Jika Anda mencoba menggunakan lampu pada tegangan yang salah, dua hal bisa terjadi: entah lampu sama sekali tidak menghasilkan panas, atau filamennya akan terbakar dalam beberapa detik saja. Itu tentu sangat merepotkan.
Itulah mengapa kami menyesuaikan nilai ohm internalnya sesuai kebutuhan Anda. Anda bisa langsung menyambungkan lampu tersebut ke jaringan listrik lokal. Tidak perlu menggunakan transformator yang berukuran besar dan merepotkan.
Mengatasi tekanan termal
Kami memilih kaca borosilikat karena kualitasnya yang sangat baik. Kaca ini mampu menahan perubahan suhu yang drastis secara lebih baik dibandingkan kaca kuarsa biasa. Kaca ini tidak akan bengkok atau pecah ketika suhu meningkat dengan cepat.
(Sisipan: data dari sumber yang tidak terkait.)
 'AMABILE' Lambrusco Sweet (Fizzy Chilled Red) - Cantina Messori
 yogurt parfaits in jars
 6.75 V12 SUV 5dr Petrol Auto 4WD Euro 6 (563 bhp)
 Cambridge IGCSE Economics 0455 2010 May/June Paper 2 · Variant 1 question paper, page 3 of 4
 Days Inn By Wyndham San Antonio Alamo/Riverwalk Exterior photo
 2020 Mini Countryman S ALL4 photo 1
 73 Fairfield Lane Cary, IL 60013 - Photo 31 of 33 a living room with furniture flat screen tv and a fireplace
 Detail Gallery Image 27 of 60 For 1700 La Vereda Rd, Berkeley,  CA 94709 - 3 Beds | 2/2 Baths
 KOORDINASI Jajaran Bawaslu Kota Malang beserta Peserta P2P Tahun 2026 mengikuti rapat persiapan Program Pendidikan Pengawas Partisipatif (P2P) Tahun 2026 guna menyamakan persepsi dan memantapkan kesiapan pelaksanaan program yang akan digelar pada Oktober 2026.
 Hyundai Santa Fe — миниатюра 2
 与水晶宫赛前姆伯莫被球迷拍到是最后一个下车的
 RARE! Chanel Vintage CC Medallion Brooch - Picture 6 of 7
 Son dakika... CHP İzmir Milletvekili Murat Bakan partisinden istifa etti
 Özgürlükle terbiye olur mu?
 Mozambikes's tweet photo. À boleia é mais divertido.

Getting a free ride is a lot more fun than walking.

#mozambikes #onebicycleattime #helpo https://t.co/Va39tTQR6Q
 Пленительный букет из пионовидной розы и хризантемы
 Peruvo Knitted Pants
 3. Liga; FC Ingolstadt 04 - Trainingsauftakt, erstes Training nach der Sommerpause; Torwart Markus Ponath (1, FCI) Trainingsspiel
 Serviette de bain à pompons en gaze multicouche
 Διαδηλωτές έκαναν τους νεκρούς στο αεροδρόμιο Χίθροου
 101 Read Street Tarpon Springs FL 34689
Namun, perlu diperhatikan bahwa lampu dengan tegangan tinggi cenderung menghasilkan panas yang lebih banyak di sekitar filamen. Pastikan bahwa bagian luar lampu dan reflektornya dipasang dengan tepat. Jangan biarkan ada titik panas di permukaan kaca, karena hal tersebut akan menimbulkan masalah.
Mengatur komponen-komponennya
Kami menyediakan berbagai panjang dan jenis konektor, sehingga lampu ini dapat digunakan sebagai pengganti lampu yang sudah ada. Sangat mudah.
Selain itu, menggunakan tegangan 480V atau 575V akan membantu mengurangi konsumsi arus listrik. Dengan demikian, Anda bisa menggunakan kabel yang lebih tipis, sehingga proses pemasangannya menjadi lebih mudah.
Hanya perlu berhati-hati saat melakukan koneksi. Tegangan yang tinggi berarti risiko terjadinya percikan listrik akan semakin tinggi jika koneksi tidak dilakukan dengan tepat. Pastikan terminalnya bersih dan dipasang dengan kuat. Dengan begitu, Anda akan terhindar dari kerusakan dini dan masalah-masalah lainnya di masa depan.